**Provided information:**
--- START ---
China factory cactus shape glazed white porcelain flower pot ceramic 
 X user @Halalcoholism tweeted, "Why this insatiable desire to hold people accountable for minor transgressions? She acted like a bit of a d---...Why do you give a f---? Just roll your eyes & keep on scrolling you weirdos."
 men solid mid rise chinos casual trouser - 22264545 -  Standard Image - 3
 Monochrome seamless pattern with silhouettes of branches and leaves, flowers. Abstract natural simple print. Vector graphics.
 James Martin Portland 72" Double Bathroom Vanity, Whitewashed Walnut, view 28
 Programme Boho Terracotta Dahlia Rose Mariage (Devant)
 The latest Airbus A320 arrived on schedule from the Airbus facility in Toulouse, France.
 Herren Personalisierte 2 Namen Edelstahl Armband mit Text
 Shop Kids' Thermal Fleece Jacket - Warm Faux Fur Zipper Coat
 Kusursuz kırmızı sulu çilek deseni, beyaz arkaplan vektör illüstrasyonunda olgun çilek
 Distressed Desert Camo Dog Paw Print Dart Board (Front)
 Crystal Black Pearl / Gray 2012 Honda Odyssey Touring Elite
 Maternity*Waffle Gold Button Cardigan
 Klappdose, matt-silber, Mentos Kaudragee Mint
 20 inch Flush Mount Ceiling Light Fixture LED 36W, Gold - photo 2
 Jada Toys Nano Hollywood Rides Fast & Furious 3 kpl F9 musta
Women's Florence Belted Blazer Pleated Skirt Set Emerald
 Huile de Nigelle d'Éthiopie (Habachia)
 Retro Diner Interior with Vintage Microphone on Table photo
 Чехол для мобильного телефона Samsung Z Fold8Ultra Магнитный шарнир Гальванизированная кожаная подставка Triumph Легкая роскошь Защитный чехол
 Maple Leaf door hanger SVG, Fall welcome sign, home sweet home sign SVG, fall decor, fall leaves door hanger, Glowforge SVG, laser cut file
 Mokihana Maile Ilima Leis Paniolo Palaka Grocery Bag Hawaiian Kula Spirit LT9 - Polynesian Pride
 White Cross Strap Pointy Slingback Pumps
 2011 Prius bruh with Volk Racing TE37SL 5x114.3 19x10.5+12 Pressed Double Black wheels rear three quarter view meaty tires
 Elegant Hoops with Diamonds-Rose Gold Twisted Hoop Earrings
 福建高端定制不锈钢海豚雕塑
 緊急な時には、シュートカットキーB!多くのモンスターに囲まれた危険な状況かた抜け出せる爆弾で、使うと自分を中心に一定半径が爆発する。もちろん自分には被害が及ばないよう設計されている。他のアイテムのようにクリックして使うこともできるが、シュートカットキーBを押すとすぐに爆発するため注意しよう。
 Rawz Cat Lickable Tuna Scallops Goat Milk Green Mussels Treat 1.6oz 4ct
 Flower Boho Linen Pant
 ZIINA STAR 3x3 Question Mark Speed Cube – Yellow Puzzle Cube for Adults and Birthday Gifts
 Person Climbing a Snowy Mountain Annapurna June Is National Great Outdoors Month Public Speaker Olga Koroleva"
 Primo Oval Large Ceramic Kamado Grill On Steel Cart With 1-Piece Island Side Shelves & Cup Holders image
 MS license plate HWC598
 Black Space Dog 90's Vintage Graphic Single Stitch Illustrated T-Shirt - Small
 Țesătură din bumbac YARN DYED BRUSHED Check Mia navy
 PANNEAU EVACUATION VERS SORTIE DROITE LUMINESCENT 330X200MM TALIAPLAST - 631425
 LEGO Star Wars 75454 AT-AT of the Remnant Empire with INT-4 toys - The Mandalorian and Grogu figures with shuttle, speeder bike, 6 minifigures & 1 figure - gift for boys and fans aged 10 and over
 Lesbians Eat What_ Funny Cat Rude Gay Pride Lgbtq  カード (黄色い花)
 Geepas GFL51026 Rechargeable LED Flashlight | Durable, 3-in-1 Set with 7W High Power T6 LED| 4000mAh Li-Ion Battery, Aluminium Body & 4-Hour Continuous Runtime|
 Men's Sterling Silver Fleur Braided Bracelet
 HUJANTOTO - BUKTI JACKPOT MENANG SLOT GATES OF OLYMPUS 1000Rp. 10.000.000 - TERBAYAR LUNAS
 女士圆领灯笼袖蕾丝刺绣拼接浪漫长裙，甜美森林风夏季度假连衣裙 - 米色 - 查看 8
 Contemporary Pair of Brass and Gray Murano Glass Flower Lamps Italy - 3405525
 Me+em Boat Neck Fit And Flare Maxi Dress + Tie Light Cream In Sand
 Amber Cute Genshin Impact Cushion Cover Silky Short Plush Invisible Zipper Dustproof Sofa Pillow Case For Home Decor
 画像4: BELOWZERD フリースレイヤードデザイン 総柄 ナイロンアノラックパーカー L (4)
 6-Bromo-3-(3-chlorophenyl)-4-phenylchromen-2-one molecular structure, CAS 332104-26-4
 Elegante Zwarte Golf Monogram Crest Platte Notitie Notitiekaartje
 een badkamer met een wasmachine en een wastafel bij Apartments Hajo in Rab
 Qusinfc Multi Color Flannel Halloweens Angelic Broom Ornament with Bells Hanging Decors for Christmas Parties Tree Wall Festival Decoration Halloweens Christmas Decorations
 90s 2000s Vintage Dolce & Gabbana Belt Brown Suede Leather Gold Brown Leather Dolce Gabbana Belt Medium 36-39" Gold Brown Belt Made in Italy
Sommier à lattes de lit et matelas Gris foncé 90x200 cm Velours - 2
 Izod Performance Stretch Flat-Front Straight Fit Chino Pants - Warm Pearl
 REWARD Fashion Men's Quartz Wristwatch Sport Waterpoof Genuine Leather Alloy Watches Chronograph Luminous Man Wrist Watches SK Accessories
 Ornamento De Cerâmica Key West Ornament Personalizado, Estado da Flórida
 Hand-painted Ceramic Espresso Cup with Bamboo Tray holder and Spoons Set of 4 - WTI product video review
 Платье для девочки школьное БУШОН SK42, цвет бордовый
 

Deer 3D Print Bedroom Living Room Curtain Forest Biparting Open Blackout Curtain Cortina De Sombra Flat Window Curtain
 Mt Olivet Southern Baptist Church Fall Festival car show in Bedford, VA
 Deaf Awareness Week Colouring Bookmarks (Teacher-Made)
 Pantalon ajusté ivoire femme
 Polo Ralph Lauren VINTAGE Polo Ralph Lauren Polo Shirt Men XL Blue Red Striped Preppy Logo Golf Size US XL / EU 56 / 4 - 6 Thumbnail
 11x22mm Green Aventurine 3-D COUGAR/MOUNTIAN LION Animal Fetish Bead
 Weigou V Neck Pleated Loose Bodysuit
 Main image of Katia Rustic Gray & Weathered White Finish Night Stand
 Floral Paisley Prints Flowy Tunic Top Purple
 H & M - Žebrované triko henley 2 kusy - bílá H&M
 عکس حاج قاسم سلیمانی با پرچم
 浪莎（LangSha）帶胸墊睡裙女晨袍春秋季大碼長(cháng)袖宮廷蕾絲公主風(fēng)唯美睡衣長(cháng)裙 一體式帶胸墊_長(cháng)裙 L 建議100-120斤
--- END ---
**Exercise directions:** All lines that hold the word "Shirt" should be copied from the data.

**Solution to the exercise:**
 Black Space Dog 90's Vintage Graphic Single Stitch Illustrated T-Shirt - Small
 Polo Ralph Lauren VINTAGE Polo Ralph Lauren Polo Shirt Men XL Blue Red Striped Preppy Logo Golf Size US XL / EU 56 / 4 - 6 Thumbnail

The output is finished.